#### Problem description
Of all the entries below, only the lines from the one with "A multi-tiered cellblock" up to and including the one with "A green bottle" are to be duplicated exactly.

[Saved data entries]
+++

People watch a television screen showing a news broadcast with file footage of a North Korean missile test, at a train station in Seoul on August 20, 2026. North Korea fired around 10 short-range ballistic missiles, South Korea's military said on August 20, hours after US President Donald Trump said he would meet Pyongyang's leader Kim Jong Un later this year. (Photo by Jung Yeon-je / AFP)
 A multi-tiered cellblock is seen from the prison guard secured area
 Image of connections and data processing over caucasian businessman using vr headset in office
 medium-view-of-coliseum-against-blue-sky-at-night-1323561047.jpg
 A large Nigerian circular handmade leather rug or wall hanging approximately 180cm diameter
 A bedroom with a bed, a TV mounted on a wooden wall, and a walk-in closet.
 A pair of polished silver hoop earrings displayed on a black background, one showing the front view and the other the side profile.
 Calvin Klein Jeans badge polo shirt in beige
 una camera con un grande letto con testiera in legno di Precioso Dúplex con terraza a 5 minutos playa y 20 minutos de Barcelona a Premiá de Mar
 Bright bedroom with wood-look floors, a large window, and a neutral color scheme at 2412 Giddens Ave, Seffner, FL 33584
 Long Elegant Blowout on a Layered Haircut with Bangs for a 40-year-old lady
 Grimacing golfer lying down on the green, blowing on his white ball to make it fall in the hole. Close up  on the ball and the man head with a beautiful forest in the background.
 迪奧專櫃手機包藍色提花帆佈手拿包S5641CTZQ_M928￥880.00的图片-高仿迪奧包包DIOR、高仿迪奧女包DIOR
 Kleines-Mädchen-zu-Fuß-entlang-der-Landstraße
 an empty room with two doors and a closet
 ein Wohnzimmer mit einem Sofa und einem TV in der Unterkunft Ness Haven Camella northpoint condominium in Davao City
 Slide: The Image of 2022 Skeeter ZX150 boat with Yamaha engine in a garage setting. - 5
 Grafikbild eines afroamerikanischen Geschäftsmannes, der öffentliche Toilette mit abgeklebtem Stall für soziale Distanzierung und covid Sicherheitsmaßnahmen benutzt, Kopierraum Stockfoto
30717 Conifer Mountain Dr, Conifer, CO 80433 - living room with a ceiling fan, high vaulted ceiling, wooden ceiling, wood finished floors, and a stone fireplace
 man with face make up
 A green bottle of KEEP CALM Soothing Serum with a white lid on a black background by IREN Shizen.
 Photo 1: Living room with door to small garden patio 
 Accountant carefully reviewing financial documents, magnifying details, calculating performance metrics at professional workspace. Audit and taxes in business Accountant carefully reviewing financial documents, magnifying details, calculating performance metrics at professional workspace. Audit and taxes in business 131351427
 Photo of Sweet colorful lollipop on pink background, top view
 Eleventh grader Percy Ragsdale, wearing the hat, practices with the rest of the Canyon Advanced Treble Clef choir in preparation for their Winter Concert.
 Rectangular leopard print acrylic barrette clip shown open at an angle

+++

#### Solution
 A multi-tiered cellblock is seen from the prison guard secured area
 Image of connections and data processing over caucasian businessman using vr headset in office
 medium-view-of-coliseum-against-blue-sky-at-night-1323561047.jpg
 A large Nigerian circular handmade leather rug or wall hanging approximately 180cm diameter
 A bedroom with a bed, a TV mounted on a wooden wall, and a walk-in closet.
 A pair of polished silver hoop earrings displayed on a black background, one showing the front view and the other the side profile.
 Calvin Klein Jeans badge polo shirt in beige
 una camera con un grande letto con testiera in legno di Precioso Dúplex con terraza a 5 minutos playa y 20 minutos de Barcelona a Premiá de Mar
 Bright bedroom with wood-look floors, a large window, and a neutral color scheme at 2412 Giddens Ave, Seffner, FL 33584
 Long Elegant Blowout on a Layered Haircut with Bangs for a 40-year-old lady
 Grimacing golfer lying down on the green, blowing on his white ball to make it fall in the hole. Close up  on the ball and the man head with a beautiful forest in the background.
 迪奧專櫃手機包藍色提花帆佈手拿包S5641CTZQ_M928￥880.00的图片-高仿迪奧包包DIOR、高仿迪奧女包DIOR
 Kleines-Mädchen-zu-Fuß-entlang-der-Landstraße
 an empty room with two doors and a closet
 ein Wohnzimmer mit einem Sofa und einem TV in der Unterkunft Ness Haven Camella northpoint condominium in Davao City
 Slide: The Image of 2022 Skeeter ZX150 boat with Yamaha engine in a garage setting. - 5
 Grafikbild eines afroamerikanischen Geschäftsmannes, der öffentliche Toilette mit abgeklebtem Stall für soziale Distanzierung und covid Sicherheitsmaßnahmen benutzt, Kopierraum Stockfoto
30717 Conifer Mountain Dr, Conifer, CO 80433 - living room with a ceiling fan, high vaulted ceiling, wooden ceiling, wood finished floors, and a stone fireplace
 man with face make up
 A green bottle of KEEP CALM Soothing Serum with a white lid on a black background by IREN Shizen.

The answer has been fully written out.